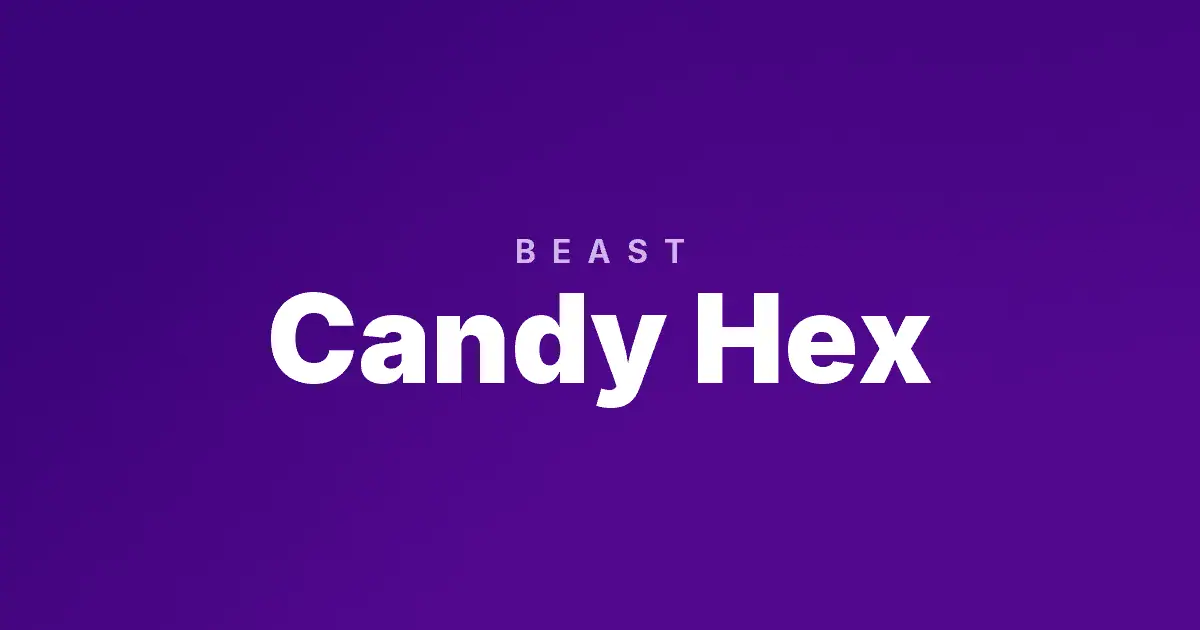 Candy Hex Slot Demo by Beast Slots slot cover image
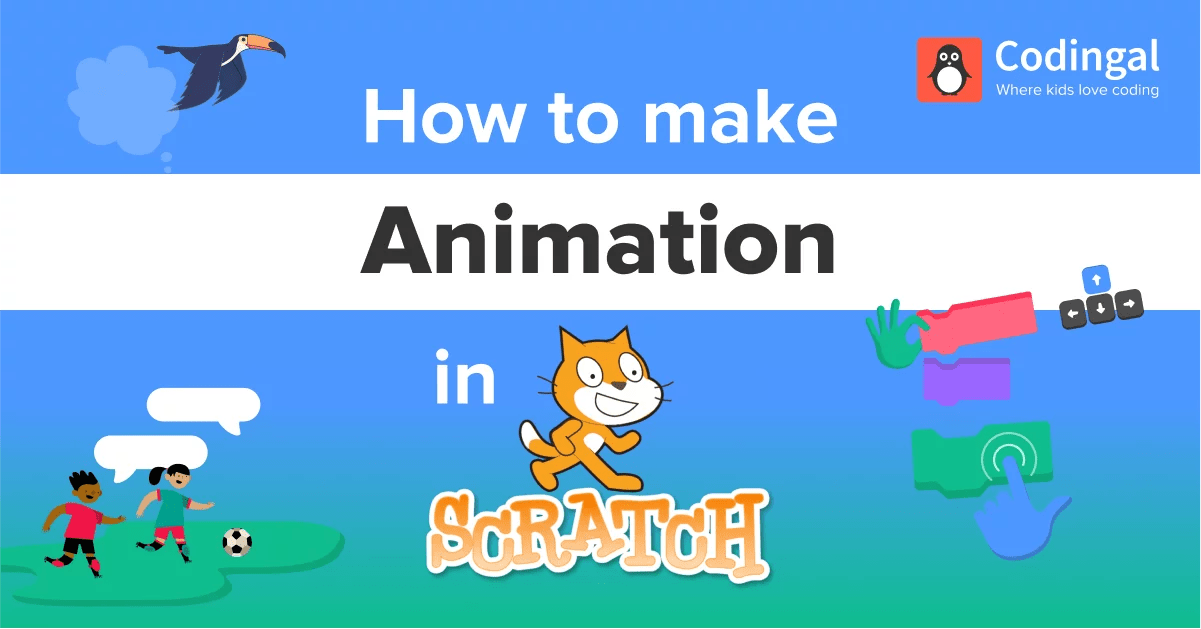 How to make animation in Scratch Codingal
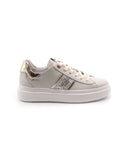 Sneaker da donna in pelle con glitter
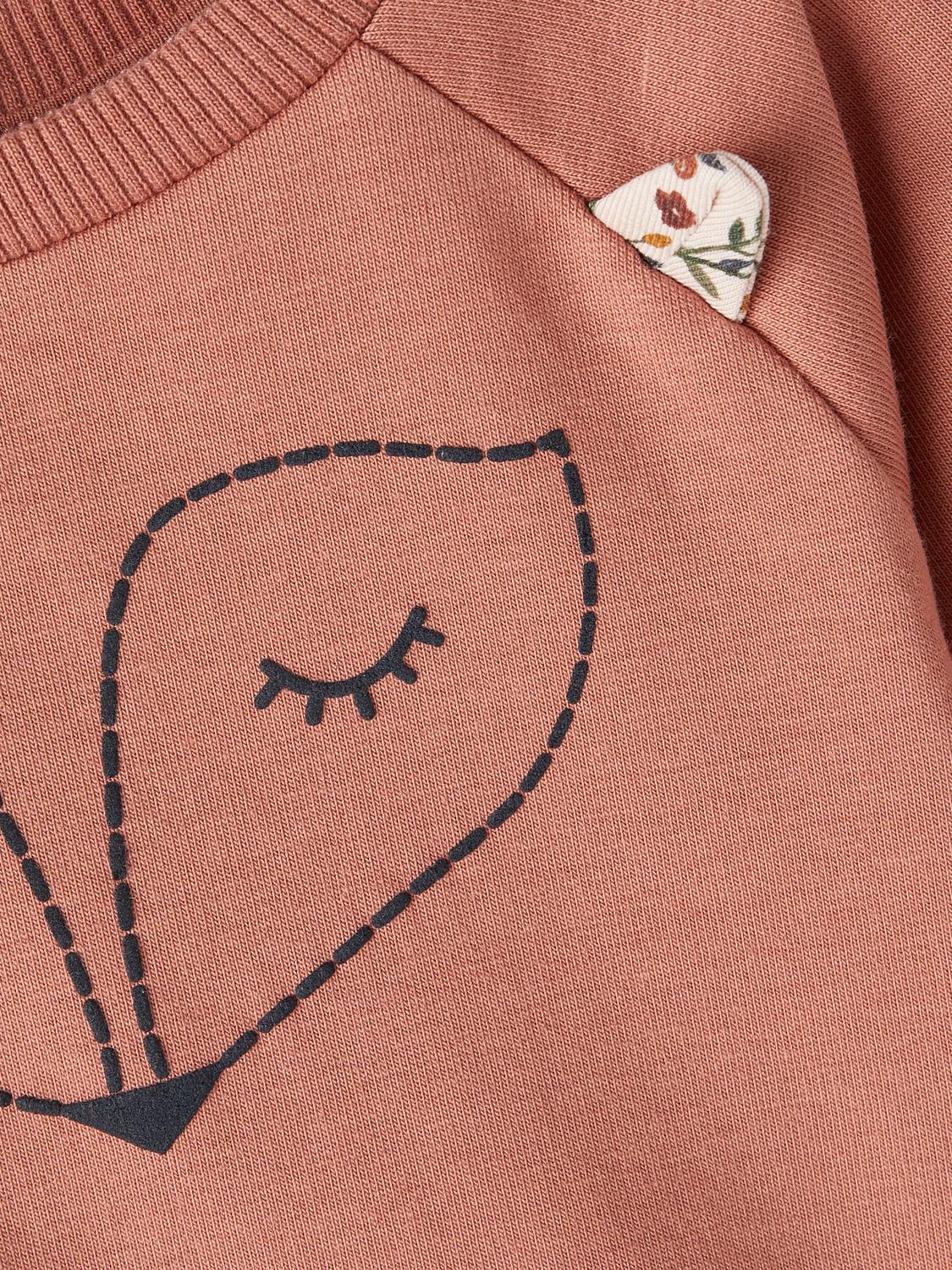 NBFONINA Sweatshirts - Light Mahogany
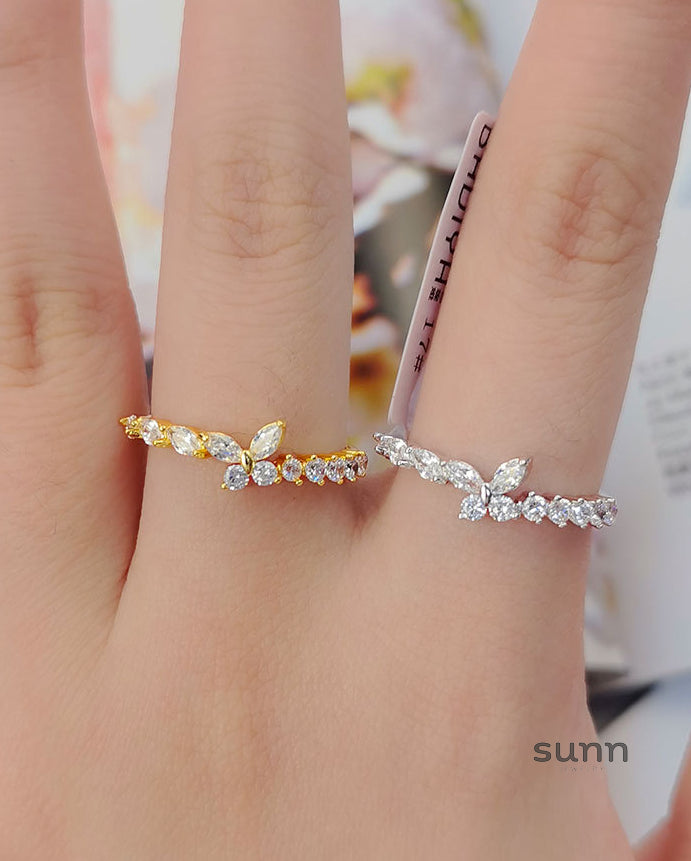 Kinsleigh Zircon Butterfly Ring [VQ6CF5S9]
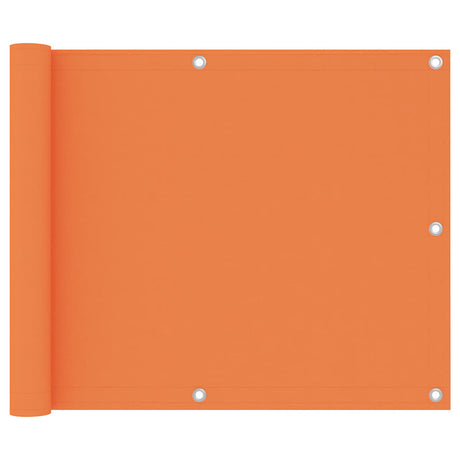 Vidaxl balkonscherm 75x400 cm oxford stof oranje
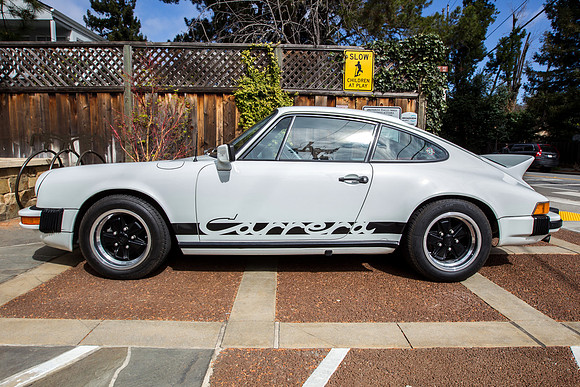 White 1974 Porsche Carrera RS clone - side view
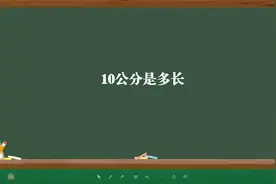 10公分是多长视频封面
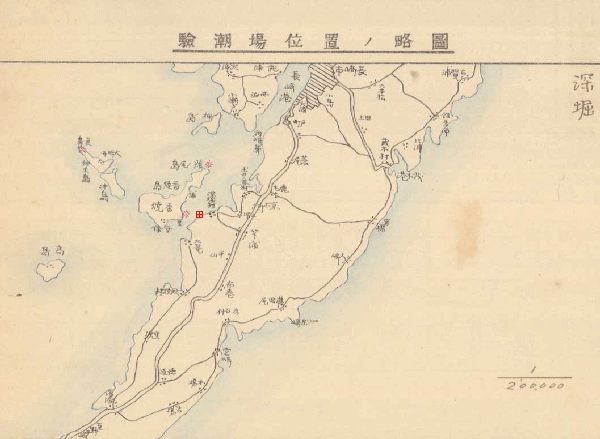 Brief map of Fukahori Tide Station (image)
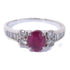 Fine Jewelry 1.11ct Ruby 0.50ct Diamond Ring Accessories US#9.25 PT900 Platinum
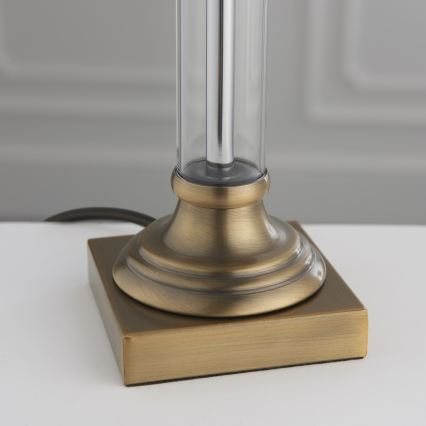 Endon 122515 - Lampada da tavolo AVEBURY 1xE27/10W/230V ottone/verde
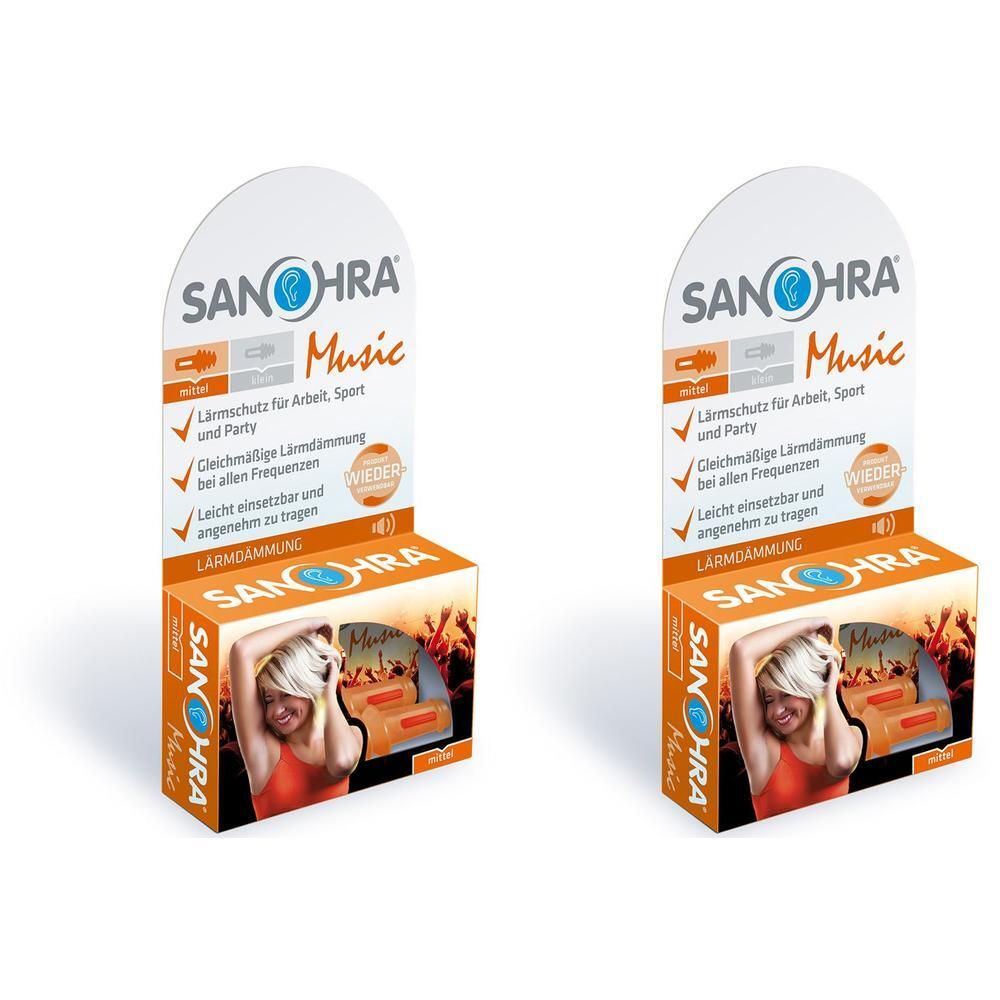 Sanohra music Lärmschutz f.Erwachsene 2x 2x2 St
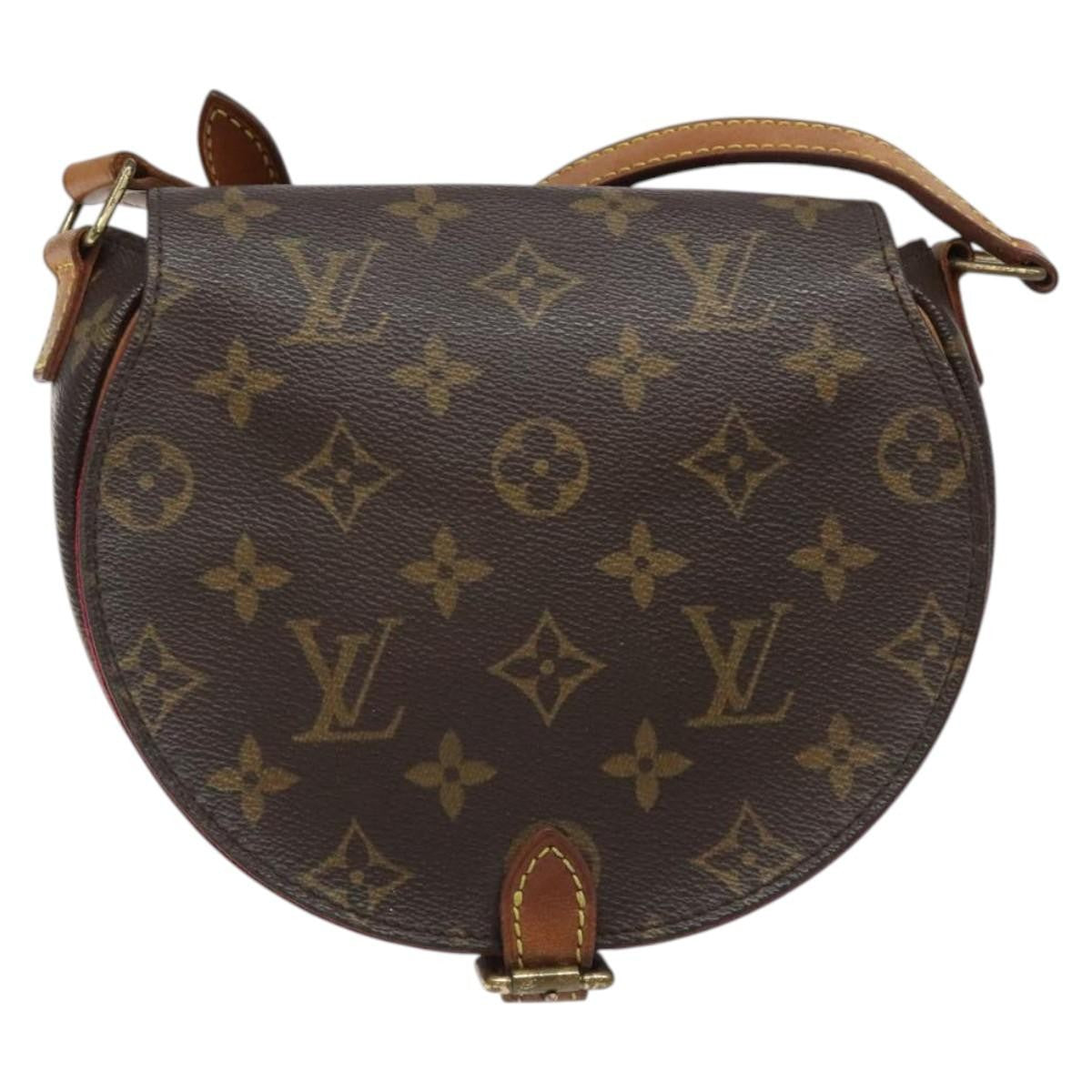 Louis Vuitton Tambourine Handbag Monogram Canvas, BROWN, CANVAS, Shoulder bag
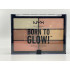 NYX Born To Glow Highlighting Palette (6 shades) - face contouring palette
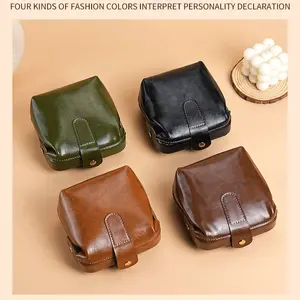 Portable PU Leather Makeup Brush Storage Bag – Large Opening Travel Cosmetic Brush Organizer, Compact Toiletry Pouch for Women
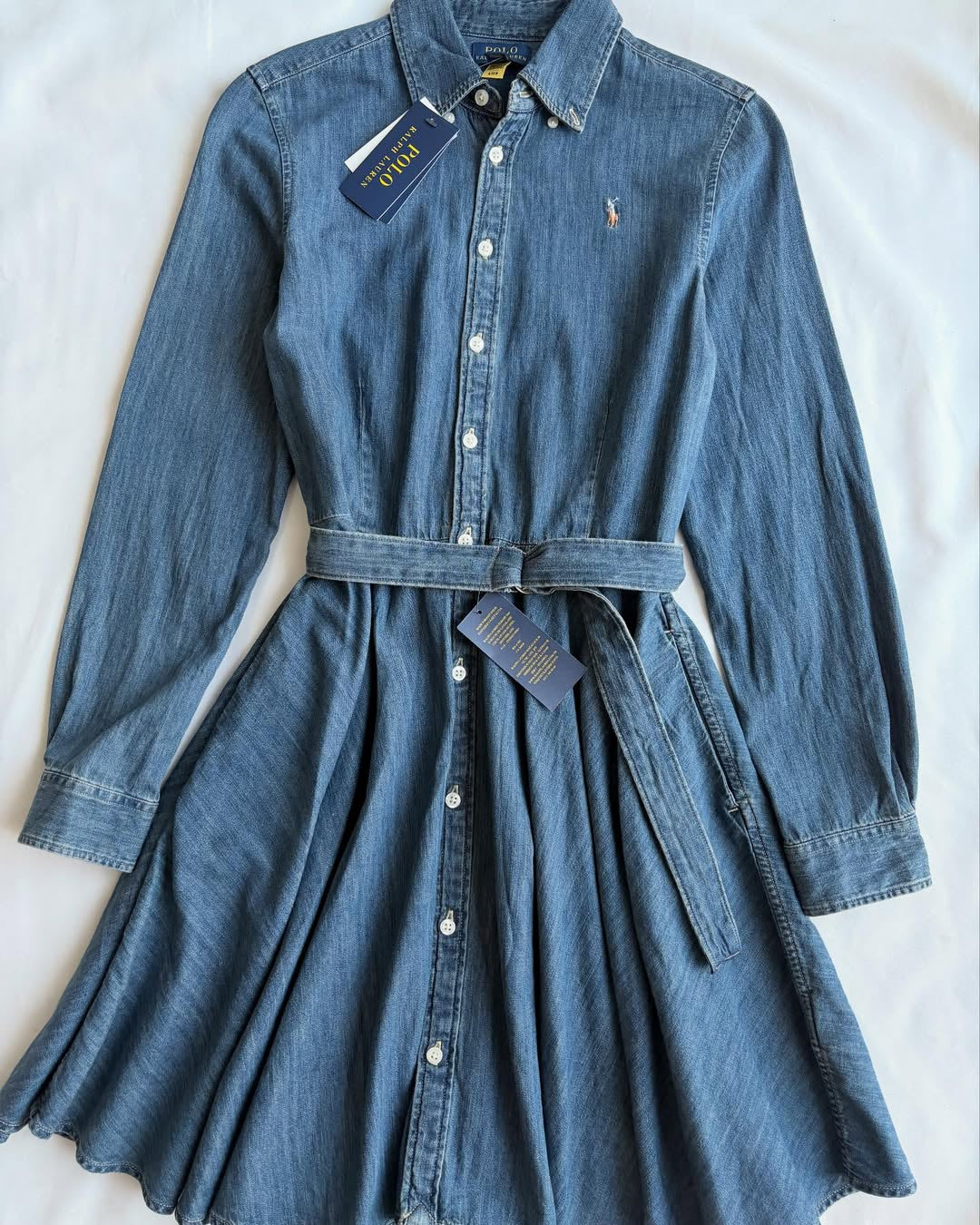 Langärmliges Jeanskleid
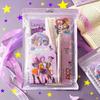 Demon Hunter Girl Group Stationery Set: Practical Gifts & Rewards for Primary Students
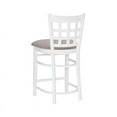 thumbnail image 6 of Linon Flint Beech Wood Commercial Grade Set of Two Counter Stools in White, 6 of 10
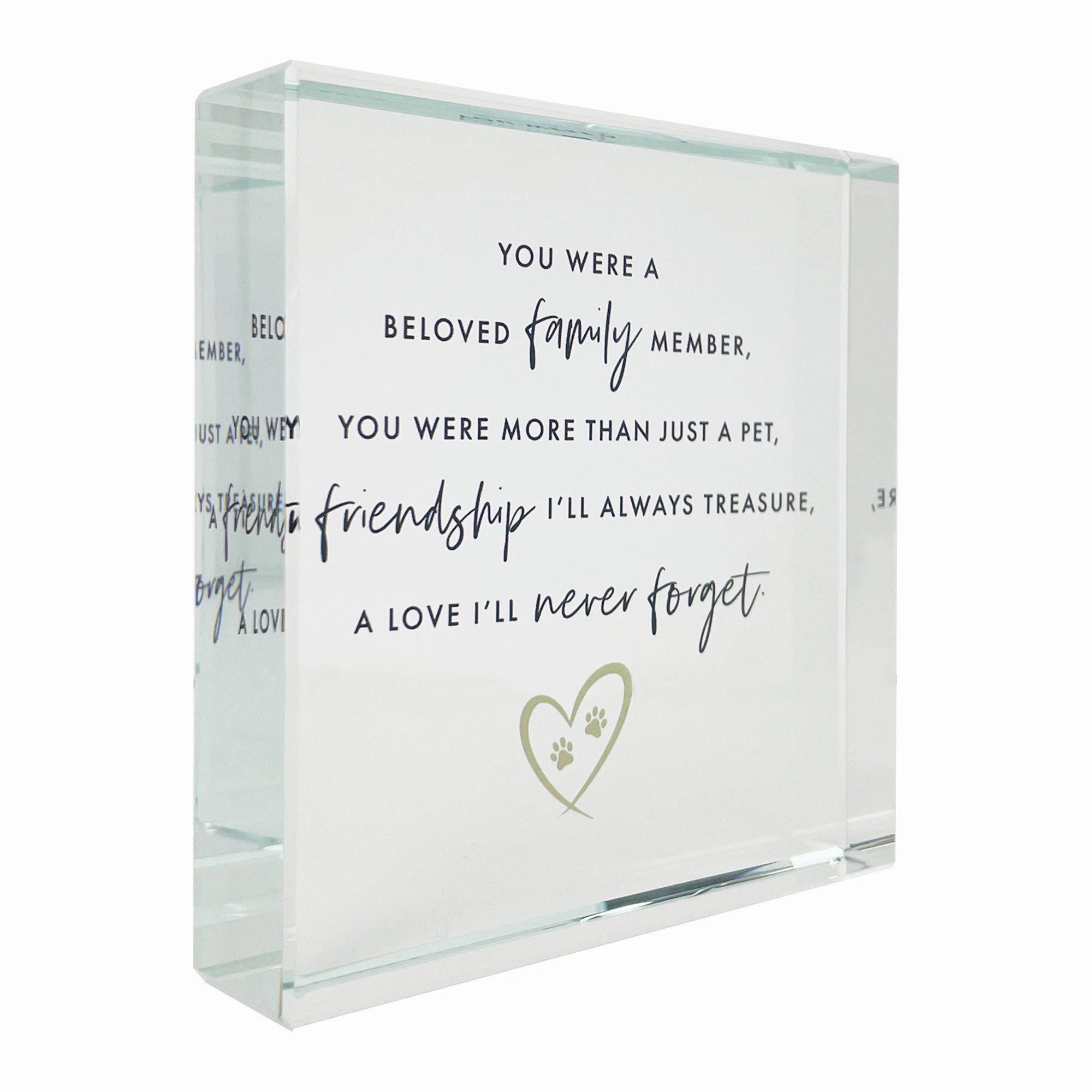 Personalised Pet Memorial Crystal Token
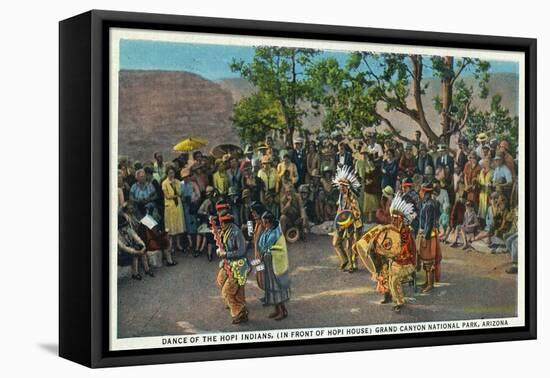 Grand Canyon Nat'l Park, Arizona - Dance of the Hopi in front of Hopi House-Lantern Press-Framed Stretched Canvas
+-------+
What the exercise asks ->
Your answer must be the exact lines of the records from the first one through the line containing "Fine Jewelry 1.11ct", with no pictures in it.

Result below ->
 Candy Hex Slot Demo by Beast Slots slot cover image
 How to make animation in Scratch Codingal
 Sneaker da donna in pelle con glitter
 NBFONINA Sweatshirts - Light Mahogany
 Kinsleigh Zircon Butterfly Ring [VQ6CF5S9]
 Vidaxl balkonscherm 75x400 cm oxford stof oranje
 White 1974 Porsche Carrera RS clone - side view
 10公分是多长视频封面
 Brief map of Fukahori Tide Station (image)
 Fine Jewelry 1.11ct Ruby 0.50ct Diamond Ring Accessories US#9.25 PT900 Platinum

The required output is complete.